Joe Loughlin took five wins at the Race of the South in Walderstown, making him the most successful rider at the weekend.

He won both the non championship and championship races in the Junior and Senior Support classes as well as taking victory in the Supertwins race. Other winners at the event included Adam McLean, Derek McGee and Derek Sheils.

Loughlin beat RJ Woolsey and Ben Mullane in the non championship Junior Support race. He set a new track record for the class on his way to a comfortable 27 second victory.  Backing this up, he went on to win the championship race by just over 20 seconds – again from Woolsey. This time Liam Chawke joined them on the podium. It was a closer fought affair in Senior Support, Loughlin’s winning margin just eight seconds in the non championship race. David and Damien Howard joined him on the podium. It was four out of four for Loughlin in the support classes with a nine second victory over Damien Howard in the championship leg of the race. David Howard was third.

Elsewhere, McLean backed up his impressive recent form with another win in the Supersport class. He took his first 600cc victory at Cookstown in April and once again he beat William Dunlop on his way to the chequered flag. It was a narrow margin as he crossed the line just four tenths clear with Paul Jordan a fine third just a further three tenths back.
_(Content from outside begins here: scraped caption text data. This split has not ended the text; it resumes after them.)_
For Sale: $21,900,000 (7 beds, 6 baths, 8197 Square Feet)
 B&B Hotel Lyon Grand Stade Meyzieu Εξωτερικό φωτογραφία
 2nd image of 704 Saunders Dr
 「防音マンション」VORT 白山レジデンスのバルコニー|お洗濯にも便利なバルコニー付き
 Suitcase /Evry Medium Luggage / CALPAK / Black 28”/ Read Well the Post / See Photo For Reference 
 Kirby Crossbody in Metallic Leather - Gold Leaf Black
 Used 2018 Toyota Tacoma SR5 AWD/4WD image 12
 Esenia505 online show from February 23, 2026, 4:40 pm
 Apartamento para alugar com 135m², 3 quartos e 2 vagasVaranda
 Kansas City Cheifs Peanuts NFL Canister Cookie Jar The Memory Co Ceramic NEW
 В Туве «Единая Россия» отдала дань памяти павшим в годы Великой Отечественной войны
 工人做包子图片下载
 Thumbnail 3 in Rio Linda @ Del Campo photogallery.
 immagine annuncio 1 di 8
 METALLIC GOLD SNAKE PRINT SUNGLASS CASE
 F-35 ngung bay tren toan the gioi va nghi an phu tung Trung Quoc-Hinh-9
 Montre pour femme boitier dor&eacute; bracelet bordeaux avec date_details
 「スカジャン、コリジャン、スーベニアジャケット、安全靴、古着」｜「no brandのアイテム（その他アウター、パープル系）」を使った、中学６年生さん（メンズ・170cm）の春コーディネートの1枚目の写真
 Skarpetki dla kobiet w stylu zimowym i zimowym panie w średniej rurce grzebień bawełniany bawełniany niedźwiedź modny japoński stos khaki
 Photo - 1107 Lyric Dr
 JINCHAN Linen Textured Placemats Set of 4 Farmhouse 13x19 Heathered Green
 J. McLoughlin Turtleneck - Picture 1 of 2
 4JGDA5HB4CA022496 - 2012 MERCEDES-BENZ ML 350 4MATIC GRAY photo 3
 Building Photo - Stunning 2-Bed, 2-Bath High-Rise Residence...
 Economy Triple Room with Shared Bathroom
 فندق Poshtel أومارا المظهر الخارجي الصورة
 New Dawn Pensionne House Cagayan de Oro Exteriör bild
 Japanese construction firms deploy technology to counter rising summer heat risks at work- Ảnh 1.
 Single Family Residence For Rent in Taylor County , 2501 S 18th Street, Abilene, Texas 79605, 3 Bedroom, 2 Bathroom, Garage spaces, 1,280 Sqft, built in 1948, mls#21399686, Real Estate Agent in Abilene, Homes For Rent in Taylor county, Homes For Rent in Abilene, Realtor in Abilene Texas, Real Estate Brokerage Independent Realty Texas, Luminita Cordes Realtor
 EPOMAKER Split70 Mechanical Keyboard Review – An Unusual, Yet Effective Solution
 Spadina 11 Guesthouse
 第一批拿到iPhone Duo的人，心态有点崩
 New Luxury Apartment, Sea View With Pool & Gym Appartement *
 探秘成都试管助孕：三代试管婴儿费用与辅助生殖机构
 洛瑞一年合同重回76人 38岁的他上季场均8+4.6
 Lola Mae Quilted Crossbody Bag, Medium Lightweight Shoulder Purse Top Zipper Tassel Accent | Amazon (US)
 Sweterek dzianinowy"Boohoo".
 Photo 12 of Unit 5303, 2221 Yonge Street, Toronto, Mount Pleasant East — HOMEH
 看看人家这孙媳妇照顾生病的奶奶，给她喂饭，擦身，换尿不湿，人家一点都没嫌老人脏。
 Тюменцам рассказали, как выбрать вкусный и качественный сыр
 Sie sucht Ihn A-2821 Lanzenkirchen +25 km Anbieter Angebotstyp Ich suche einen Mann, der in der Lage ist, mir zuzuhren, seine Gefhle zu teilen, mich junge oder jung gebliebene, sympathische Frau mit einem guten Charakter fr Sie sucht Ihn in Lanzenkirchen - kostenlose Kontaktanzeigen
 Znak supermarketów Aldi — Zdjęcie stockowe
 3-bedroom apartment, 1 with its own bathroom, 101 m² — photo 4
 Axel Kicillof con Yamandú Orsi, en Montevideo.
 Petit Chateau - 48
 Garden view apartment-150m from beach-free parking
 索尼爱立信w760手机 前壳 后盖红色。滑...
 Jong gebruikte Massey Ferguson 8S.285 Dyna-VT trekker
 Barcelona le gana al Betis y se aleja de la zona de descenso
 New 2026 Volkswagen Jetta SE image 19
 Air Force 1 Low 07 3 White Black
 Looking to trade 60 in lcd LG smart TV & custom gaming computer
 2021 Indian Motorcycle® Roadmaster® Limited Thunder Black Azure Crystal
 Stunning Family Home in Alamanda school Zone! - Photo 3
Jordan also set the fastest lap of the race. Michael Sweeney was fourth ahead of road racing newcomer Davey Todd.

Also standing on the top step of the podium was McGee who held off Dunlop to take the victory in the Open race. Sweeney took third place ahead of Sheils and Jordan. Sheils started from pole position for the Grand Final and took the win, setting the fastest lap on the way. McGee was second and Dunlop was third. In the Supertwins the top five were separated by just over three seconds with Loughlin taking the win. McLean finished in second place ahead of Sheils, McGee and Sweeney.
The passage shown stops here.